To check the hypothesis, I asked Doug tonight if he remembered learning the phrase on accident. He did. He remembered being very confused about the three expressions by accident, on accident, and on purpose until he was about five years old. Two of them had accident in common; two had on in common. And even though there were three expressions, they only seemed to express two meanings. For a while he thought it was the on/by distinction that encoded intentionality or lack thereof: on accident and on purpose were for when you meant to do something; by accident was for when you didn’t mean to. But that breakdown was so confusing that he says he kept on asking one friend or classmate after another for clarification, until he’d finally gathered enough data and made his choice: the minimally distinct on accident and on purpose.

I can understand his reasoning: Seeing that he was apparently at liberty to choose by accident or on accident, why would he choose the one that had two differences from on purpose? He was expressing only one distinction, so why not choose the expression that differed by only one word?

56 Responses to “On or By Accident”

  1. Ran said

    In #1 in the first list, should that read “before about 1970”? Because otherwise, I don’t understand what’s meant.

  2. The Ridger said

    According to Barratt’s paper, yes, that should be “BEFORE about 1970”.

  3. Kip said

    I was born in 1981, and I say “by accident.” Although I think I am actually more likely to say “Oops, that was an accident” or to use the adverb, i.e. “I did it accidentally.” But I’m not sure since I don’t have recordings of myself or anything.

  4. Neal said

    Correction: “after 1970” has been changed to “before 1970”. Thanks to Ran, the Ridger, and Glen for bringing this to my attention.

  5. Bridget said

    Really, before 1970? Very interesting. I think of this as one of the ‘generational divides’ between me (born in 1984) and my sister (born in 1990). To be fair, my sister doesn’t say “on accident” anymore, but I remember that she & her classmates did when she was your kids’ age and I thought it was so weird.

  6. Viola said

    “On accident” has always sounded careless or implied a sort of flippant negligence to me. I also do not think the explanation sounds very sincere or contrite when my children have used the expression to apologize. If I feel the suspicion of insincerity is correct, I usually inform them that the offense (which most of the time includes bodily injury) was delivered “accidently on purpose.” This said, I would hope as a mother that I’m not being overly critical regarding the difference between whether my children are sincere or not based on their use or misuse of vocabulary and grammar!

  7. Neal said

    Viola:
    Your mention of accidentally on purpose reminds me of this posting from Jan. 19, 2000, on the American Dialect Society listserv, which Barratt mentions.
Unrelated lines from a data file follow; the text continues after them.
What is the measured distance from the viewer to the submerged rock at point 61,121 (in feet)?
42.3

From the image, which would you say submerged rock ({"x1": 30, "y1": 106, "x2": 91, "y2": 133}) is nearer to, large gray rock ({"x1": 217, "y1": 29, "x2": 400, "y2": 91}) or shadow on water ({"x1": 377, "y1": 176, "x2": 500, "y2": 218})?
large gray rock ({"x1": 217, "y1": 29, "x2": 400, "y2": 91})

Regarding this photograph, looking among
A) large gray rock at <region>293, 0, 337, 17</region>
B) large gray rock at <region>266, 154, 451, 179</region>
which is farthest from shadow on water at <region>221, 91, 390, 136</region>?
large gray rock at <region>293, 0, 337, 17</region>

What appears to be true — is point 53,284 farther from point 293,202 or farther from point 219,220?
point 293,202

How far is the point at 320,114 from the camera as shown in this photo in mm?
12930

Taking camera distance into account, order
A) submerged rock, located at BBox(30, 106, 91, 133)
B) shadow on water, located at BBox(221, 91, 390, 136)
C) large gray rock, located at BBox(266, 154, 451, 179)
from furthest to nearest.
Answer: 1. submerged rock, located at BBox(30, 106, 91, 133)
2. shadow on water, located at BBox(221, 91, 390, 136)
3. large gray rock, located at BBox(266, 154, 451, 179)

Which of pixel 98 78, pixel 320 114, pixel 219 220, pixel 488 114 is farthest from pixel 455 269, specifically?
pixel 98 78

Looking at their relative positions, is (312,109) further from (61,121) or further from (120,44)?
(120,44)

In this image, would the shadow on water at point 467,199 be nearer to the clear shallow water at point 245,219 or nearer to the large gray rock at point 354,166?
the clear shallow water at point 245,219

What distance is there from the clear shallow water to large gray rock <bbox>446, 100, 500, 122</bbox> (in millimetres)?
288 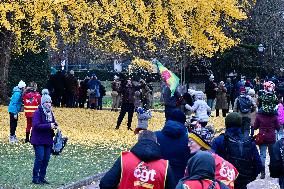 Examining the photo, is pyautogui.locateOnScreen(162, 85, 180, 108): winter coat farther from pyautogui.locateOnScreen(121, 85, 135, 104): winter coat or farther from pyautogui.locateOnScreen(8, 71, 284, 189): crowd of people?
pyautogui.locateOnScreen(121, 85, 135, 104): winter coat

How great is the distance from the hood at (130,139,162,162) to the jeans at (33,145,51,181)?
6.84 m

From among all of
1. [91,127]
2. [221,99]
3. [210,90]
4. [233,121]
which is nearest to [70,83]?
[210,90]

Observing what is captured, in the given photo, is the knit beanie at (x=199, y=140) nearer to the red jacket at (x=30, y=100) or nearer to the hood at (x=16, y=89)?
the red jacket at (x=30, y=100)

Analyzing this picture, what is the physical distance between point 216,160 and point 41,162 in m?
6.65

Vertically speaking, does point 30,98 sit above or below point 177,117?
above

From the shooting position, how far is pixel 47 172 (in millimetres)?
15891

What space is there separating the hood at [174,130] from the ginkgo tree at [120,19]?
48.4 feet

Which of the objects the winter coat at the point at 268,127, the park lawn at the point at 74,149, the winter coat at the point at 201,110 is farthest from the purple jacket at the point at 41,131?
the winter coat at the point at 201,110

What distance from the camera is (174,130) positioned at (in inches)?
392

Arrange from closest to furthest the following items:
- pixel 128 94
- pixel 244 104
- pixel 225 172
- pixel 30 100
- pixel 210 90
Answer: pixel 225 172, pixel 244 104, pixel 30 100, pixel 128 94, pixel 210 90

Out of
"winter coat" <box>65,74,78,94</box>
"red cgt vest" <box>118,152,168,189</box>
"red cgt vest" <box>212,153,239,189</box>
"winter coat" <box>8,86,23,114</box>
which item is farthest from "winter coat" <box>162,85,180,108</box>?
"winter coat" <box>65,74,78,94</box>

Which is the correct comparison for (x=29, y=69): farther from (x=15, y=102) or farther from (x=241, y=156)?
(x=241, y=156)

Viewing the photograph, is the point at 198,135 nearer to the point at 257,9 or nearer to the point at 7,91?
the point at 7,91

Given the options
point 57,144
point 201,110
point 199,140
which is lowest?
point 57,144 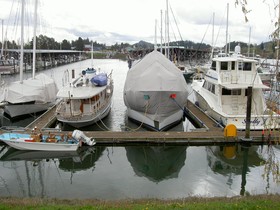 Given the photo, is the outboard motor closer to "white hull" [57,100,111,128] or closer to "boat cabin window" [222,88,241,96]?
"white hull" [57,100,111,128]

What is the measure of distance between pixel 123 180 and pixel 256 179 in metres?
6.97

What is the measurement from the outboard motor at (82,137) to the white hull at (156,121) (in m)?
5.28

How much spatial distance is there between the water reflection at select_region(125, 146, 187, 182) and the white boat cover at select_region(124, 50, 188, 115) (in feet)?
11.6

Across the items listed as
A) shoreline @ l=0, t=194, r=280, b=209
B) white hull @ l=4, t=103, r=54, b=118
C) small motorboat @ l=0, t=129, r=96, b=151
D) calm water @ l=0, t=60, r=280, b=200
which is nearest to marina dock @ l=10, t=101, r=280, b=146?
calm water @ l=0, t=60, r=280, b=200

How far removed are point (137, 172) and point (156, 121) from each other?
6.06 m

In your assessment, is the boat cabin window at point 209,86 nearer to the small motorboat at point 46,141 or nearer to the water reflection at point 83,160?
the water reflection at point 83,160

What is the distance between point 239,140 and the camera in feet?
64.4

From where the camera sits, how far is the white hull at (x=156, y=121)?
72.9ft

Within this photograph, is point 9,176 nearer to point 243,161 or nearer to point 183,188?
point 183,188

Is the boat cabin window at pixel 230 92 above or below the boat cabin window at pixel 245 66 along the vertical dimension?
below

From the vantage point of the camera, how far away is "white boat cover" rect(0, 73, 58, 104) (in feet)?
88.7

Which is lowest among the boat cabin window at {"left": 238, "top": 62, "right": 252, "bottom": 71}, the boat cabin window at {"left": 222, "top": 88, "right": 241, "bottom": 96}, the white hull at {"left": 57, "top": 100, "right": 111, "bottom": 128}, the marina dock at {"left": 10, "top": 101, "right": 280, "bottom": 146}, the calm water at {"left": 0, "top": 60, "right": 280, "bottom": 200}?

It has this exchange between Ron Butters and Lynne Murphy:

    Ron Butters said:
    >
    > I just asked two guys from Chicago about this (one is actually from central
    > Micihgan, age about 30; the other is 40).
    >
    > They are both aware of BOTH usages and seem to find a semantic distinction
    > between them: BY ACCIDENT means “unintentionally” in a broad sense; ON
    > ACCIDENT refers to some physical incident in which someone is culpible: BY
    > ACCIDENT I CAME ACROSS SOME FAMILY JEWELS HIDDENT IN A WALL but ON ACCIDENT I
    > TIPPED OVER THE DRINK.
    >
    This sounds absolutely right to me. I think it further underscores the
    relation to ‘on purpose’, since the kinds of things that get done ‘on acci-
    dent’ can also get done ‘on purpose’, but those that happen ‘by accident’
    can’t necessarily _happen_ ‘on purpose’.

    Lynne

  8. Viola said

    Neal, thanks for the support of semantic interpretation! It often puzzles me whether I’m reading into something a little too much or whether I’m not picking up on subtle cues often enough; which goes to show that it’s all a learning experience.

  9. The Ridger said

    So, would this distinction only apply to those who use both? If “speakers born after 1995 use on accident to the near exclusion of by accident” do they have this distinction any more than those who never use it? If not – if the younger people aren’t using both forms – it seems that might be the sort of reanalysis that’s employed to explain something people hear, rather than one that actually provides useful information.

  10. Neal said

    The Ridger:
    I think this distinction in semantics is indeed for a subset of people who use both forms. My suspicion is that this is the principle of “one form, one meaning” at work, the principle that drives processes like regularization of irregular verbs. In this case, speakers hear two forms that seem to have the same meaning. To bring them into compliance with OFOM, they look for, or create, a semantic distinction between the two forms. (In other words, I think you’re right.) That’s one way of trying to attain OFOM: creating an extra meaning. The other is to kill one of the forms, often by saying that by accident is right, and on accident is wrong. Or in Doug’s case, by deciding that on accident is right, and by accident is, maybe not exactly wrong, but confusing enough to be kicked out of his active vocabulary.

  11. Matthew said

    I like your “an accident” hypothesis. I was born in ’88 and I always say “by accident,” but “on accident” has never struck me as unusual.

  12. Alexis said

    Wow. This post has me utterly confused. Maybe it’s an American thing, because I don’t think I’ve ever heard anyone say “on accident” before. “On purpose”, sure, and certainly “by accident”, but never “on accident”. How peculiar (and interesting).
    For context, I’m Australian, and born in 1985.

    • Beth said

      Thank you Alexis. I wondered how it would sound to someone from somewhere else. I feel “by” is accurate and “on” just sounds lazy and wrong to me.

    • David said

      I had never heard it myself until I started dated an American a year ago (born 1987). I’m British, born in 1985. “On accident” really grates on me, to the extent that I am unable to let it slide (much to the annoyance of the previously mentioned American). I can’t help myself. It just sounds so WRONG.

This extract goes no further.